Export to Azure Data Lake overview
What is Export to Azure Data Lake?
Export to Azure Data Lake lets you connect your finance and operations environment to a data lake to unlock insights that are hidden in your data.
When you enable the Export to Azure Data Lake add-in, you connect your finance and operations environment to a designated data lake. Authorized users can then copy data from your finance and operations environment to that data lake. Tools such as Power BI and Azure Synapse enable analytics, business intelligence, and machine learning scenarios for data in the data lake.

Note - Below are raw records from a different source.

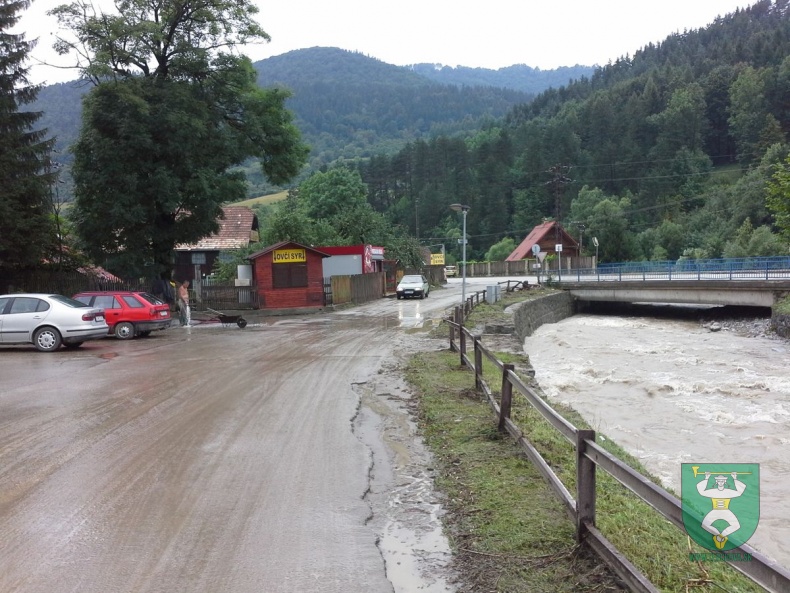 Čistenie obce po povodni-35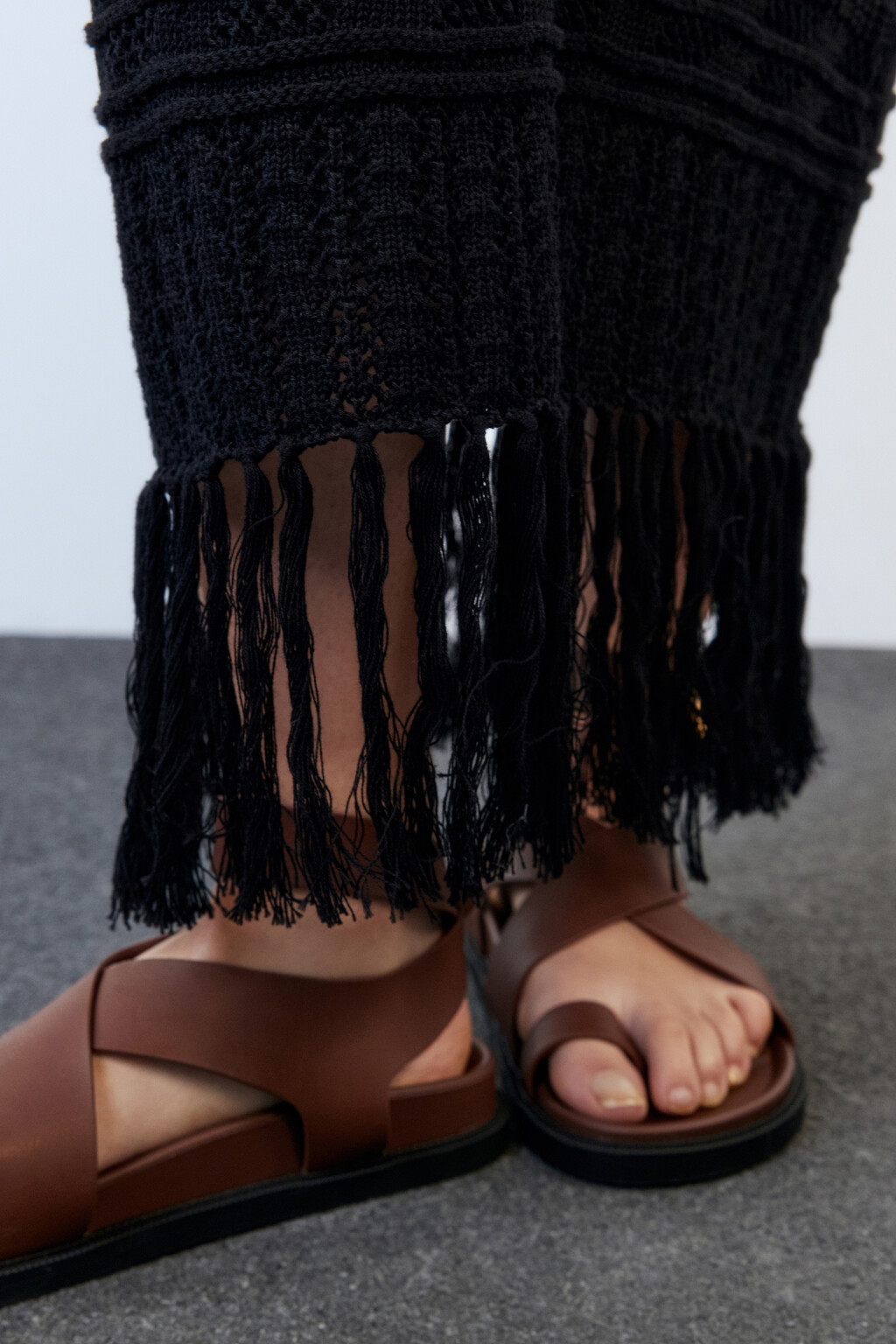 Юбка миди прямая вязаная с бахромой - цвет черный - 8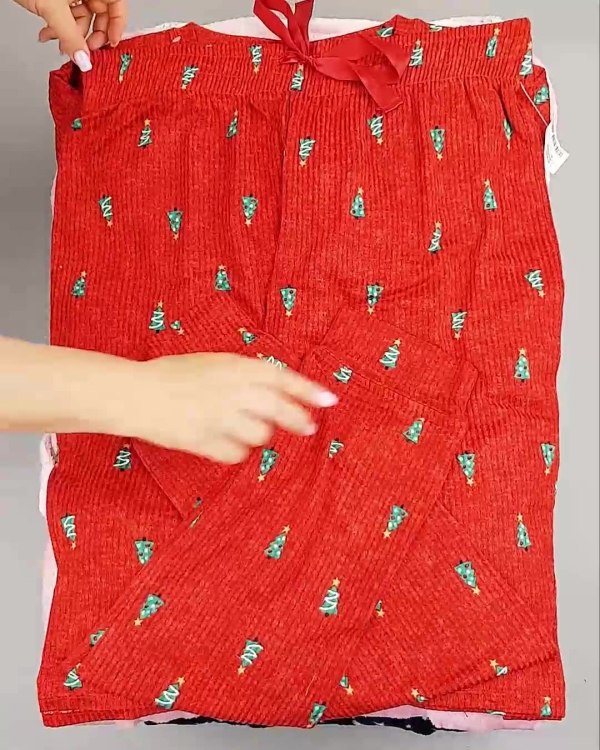 Фотография  931 - Домашняя одежда CAN#10 кг, ЛОТ №6482 оптом в Иркутске и Иркутской области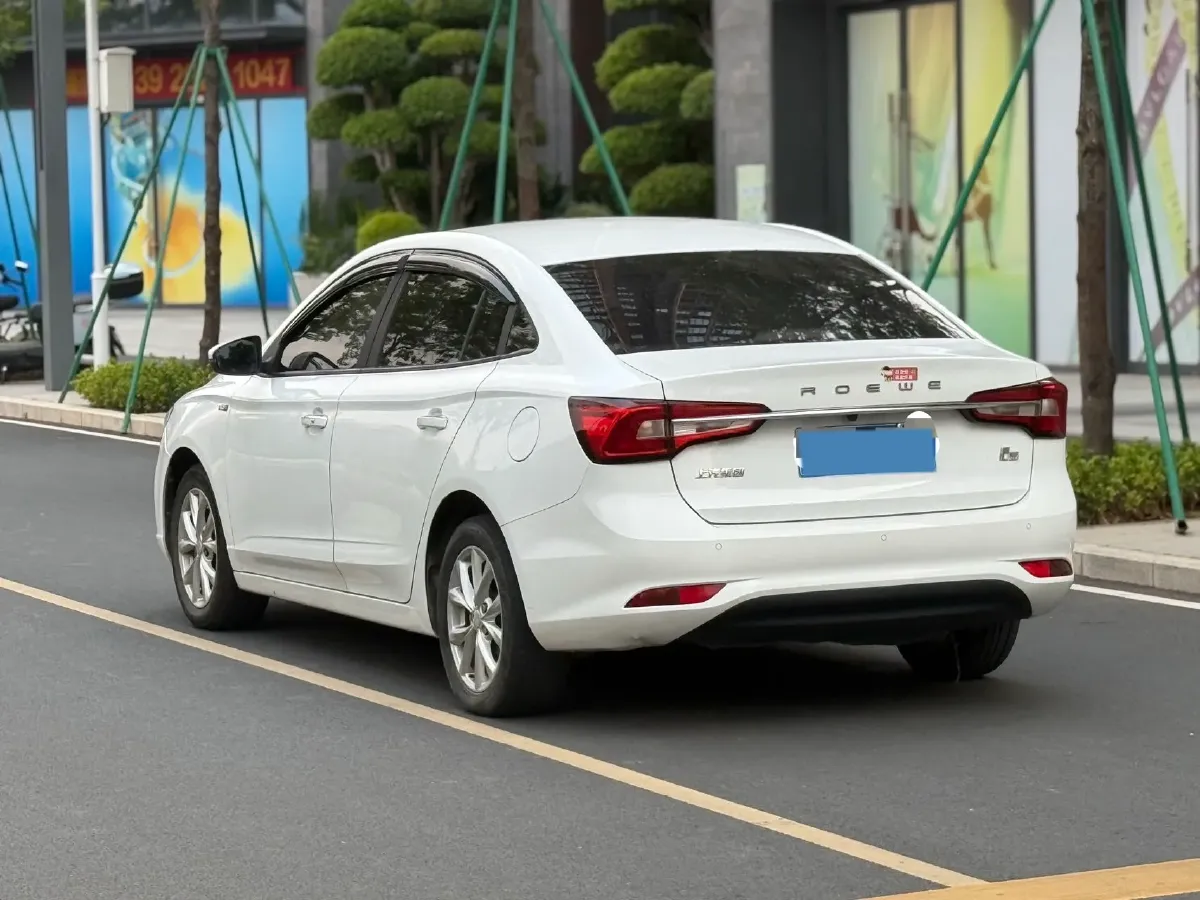 2019 Roewe i5 1.5L 120HP L4 CVT,autocango,china used car exporter,china ev exporter,chinese used car exporter,chinese used ev exporter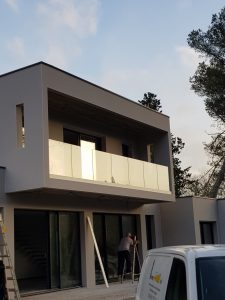 garde-corps verre sur balcon maison architecte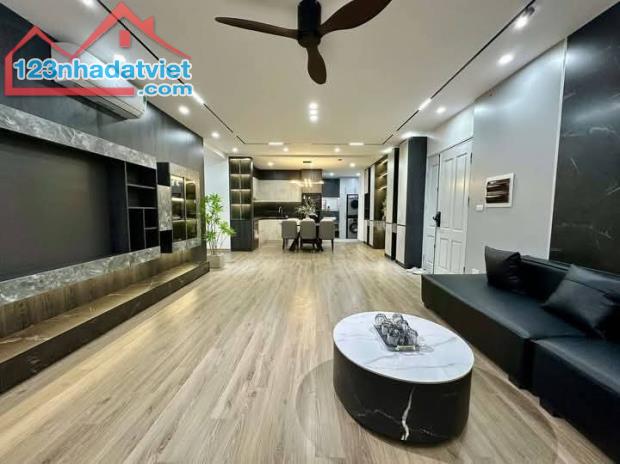 Bán chung cư CT6 Văn Khê, Hà Đông. 160m2, 4 PN. 6.9 tỷ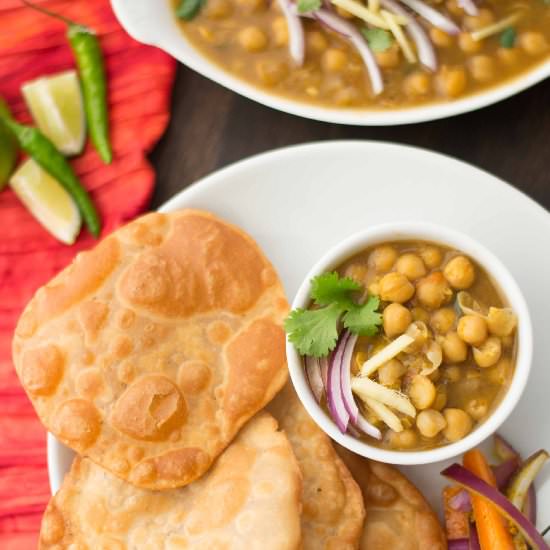 Chole Puri - Recipe photo by Confusedbawarchis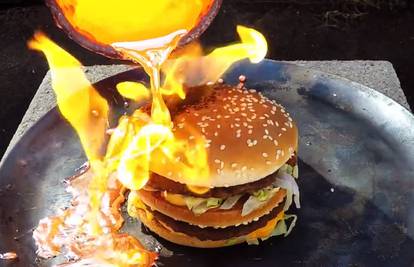 Jedan prepečeni molim: Burger su prelili bakrom na 1085°C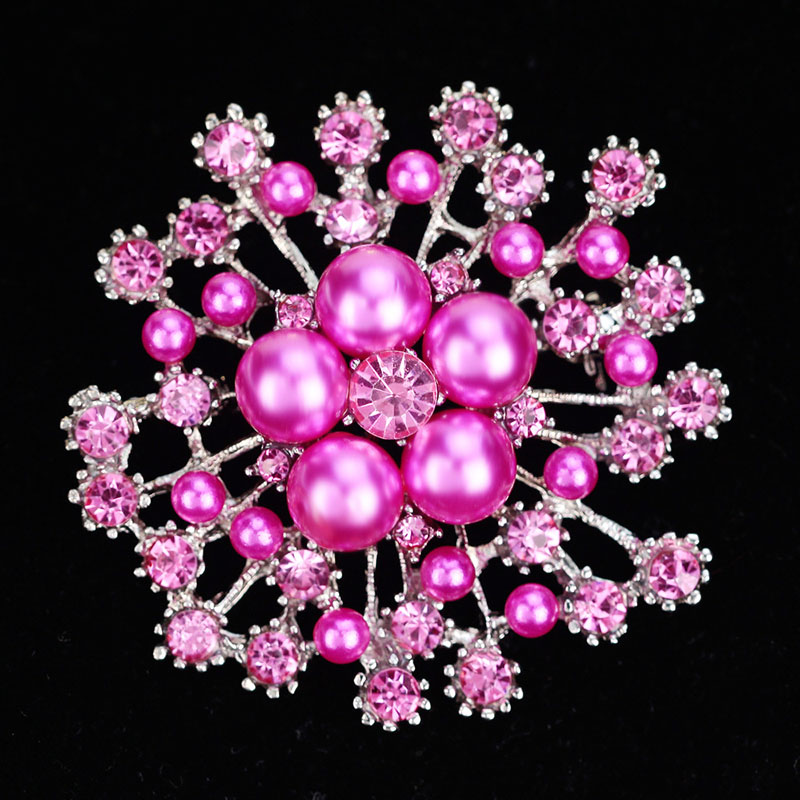 Large Snowflake Pearl Crystal Brooch Exquisite Flowers Corsage Fashion Manufacturer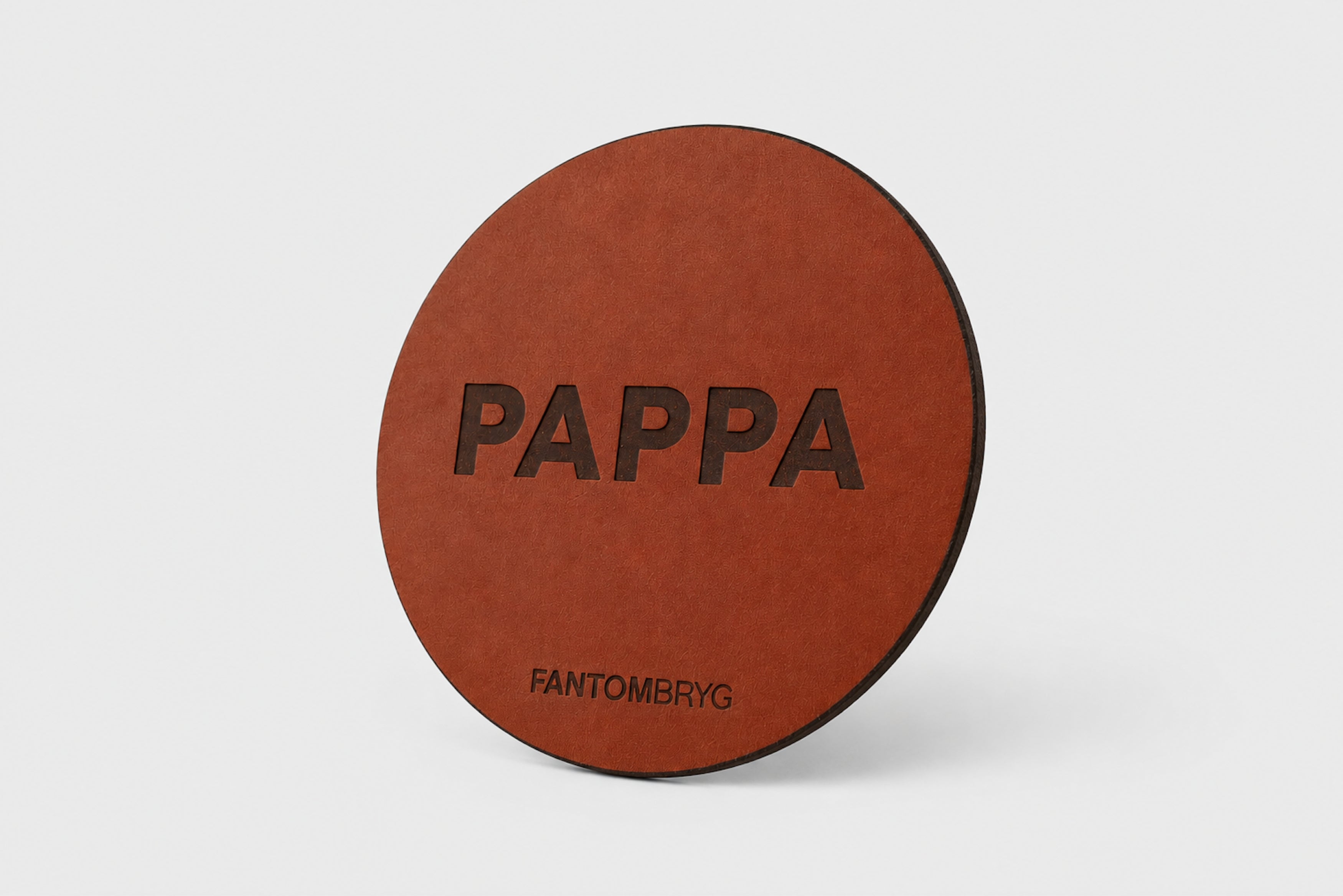 Ölunderlägg i äkta läder till pappa med präglad PAPPA-text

When you select data in finance and operations apps, the system makes an initial copy of the data in the data lake. After that initial copy is made, the system keeps the data in the data lake fresh by continuously inserting, updating, and deleting data that changed. You don't have to manage exports or monitor the service, and there is no additional burden on your finance and operations workloads.
Export to Azure Data Lake is a fully managed, scalable, and highly available service from Microsoft. It includes built-in disaster recovery. Here are some of the features that are supported:
- You can select up to 350 tables. All changes to data are continuously updated in the data lake. These changes include insert, update, and delete operations.
- You can select data by using tables or entities. If you use entities, underlying tables are selected by the service.
- You can select both standard and custom entities and tables.
- You can work with data in the data lake by using Microsoft Azure Synapse Analytics or many other third party tools.
The storage account must be in the same Azure region as your finance and operations environment.
You can select to enable near real-time data changes and business events when installing the service.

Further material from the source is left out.